The last few months have been really positive for me. We have mostly resolved the housing issues which where causing so much of the anxiety. Everyday still feels a bit like an exam, but it’s an exam i am well prepared for and can leave at anytime.
The reduced anxiety gives me a chance to look at how i am approaching my life and to re-evaluate my goals and ambitions.
In general there are four major demands in my life:
Day to day living - managing daily life, things like food, laundry and the energy used during support visits etc.
Work - my day job with the BBC and related activities like developing my skills and keeping informed with industry news.
Projects / Entertainment - time to rest, play and explore.
As i am able to take on more demands, i have to decide where to focus the new energy. The goal out the end is happyness and sustainability but how to get there is a little unclear. Here’s a few of the things i am considering.
One approach is to focus on making progress with my work and my carer. After all, without maintaining an income i cannot afford to live independently or have support.

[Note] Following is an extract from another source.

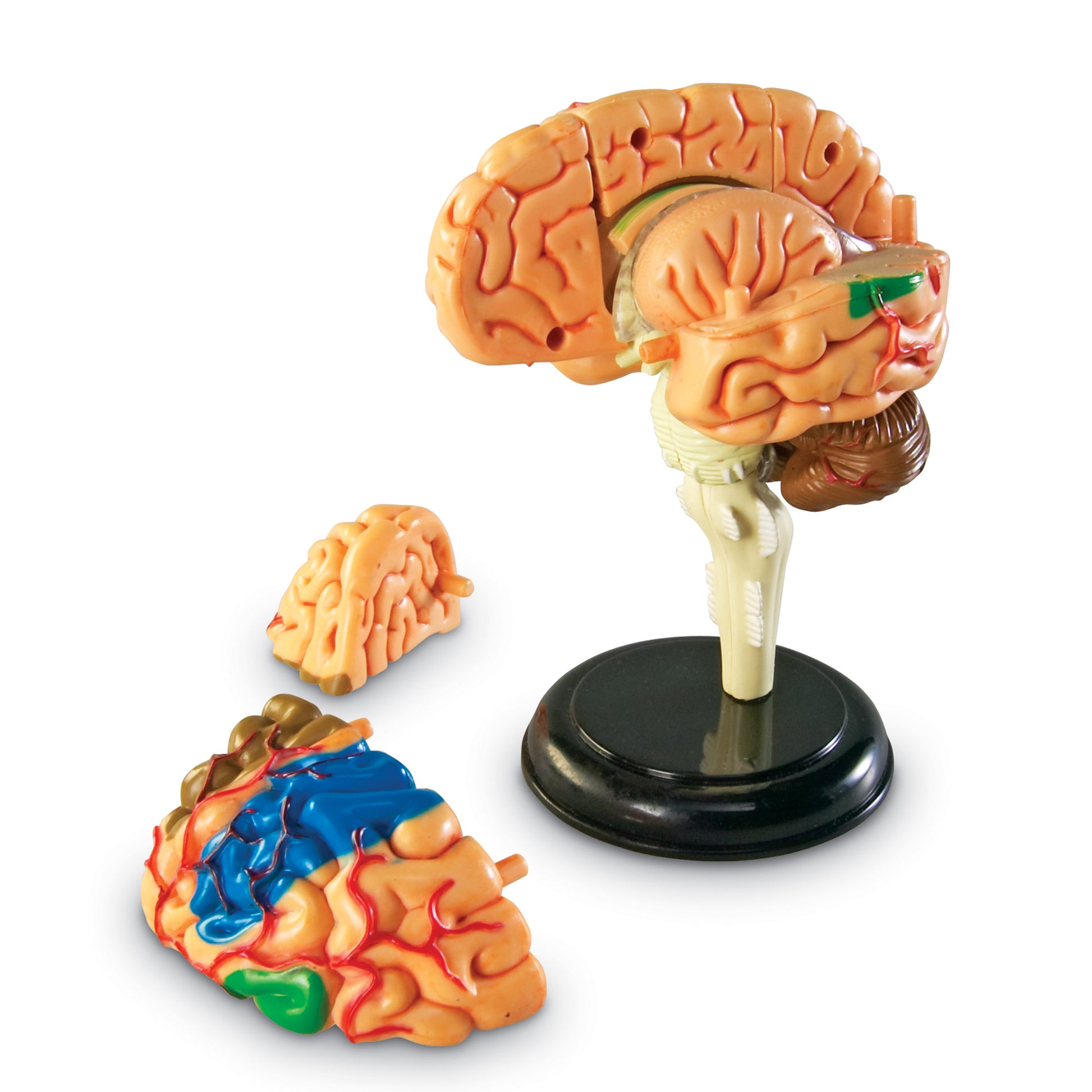 Learning Resources Brain Anatomy Model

The issue with this is that if i put all my energy into work, i am going to be paying most of my income in support. While it works out mathmatically, it’s a bit of a trap. If i am not progressing with my independence then i am not building something sustainable.
Another approach would be to focus on my independence. In this case, i would been giving work enough energy to stay stable but not taking on anything new. I would also minimise energy spent on recreation and instead focus most of my daily energy onto doing as much myself as possible.

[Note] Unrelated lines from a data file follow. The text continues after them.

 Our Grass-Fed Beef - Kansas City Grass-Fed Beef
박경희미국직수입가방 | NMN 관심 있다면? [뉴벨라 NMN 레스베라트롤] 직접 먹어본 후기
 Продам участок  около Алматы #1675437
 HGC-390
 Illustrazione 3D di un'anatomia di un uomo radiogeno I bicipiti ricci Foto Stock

The most extreme version of this has me taking time away from my carer in order to focus exclusively on developing my independent living skills.

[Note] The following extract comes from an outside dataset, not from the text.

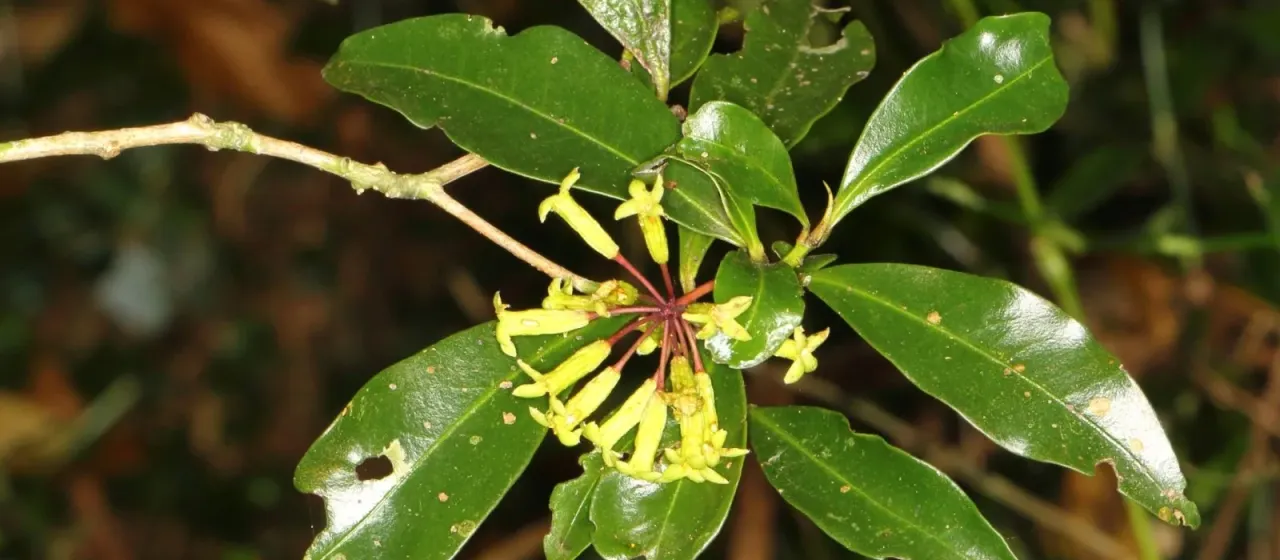 Peddiea africana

The problem with this approach is that i may find myself being able to live alone, but not being able to progress in my carer. Plus, once the support is withdrawn anything which reduces my ability results in a crisis. Finally, this is not effeciant, i end up wasting energy which could be better employed elsewhere in activities which i find extremely difficult but are easy to oursource.
Focusing exclusively on my projects outside of work or exclusively on day to day living isn’t possible so i won’t analyse those approachs.
I have to find a way to balence all of the demands and that is extremely hard. At this early stage its harder to balence as i have lots of demands and very little energy. However, as the recovery continues i should have more energy avaliable and hopefully more flexibility in how i use it.
This ultimately all comes down to pacing. Everything is very fragile, one bad nights sleep can take a week or longer to recover. Perhaps the actual solution is not to have a grand plan, but to react in real time and balence demands on the fly. For that to work i need to have flexibility in what i do and how i do it, which in practice is very difficult. For example, i need to book formal support weeks or months in advance to ensure i get people i know.
I dont really have a conclusion yet. I just wanted to share some of the various things which are competing for my energy and explain my thoughts on the topic.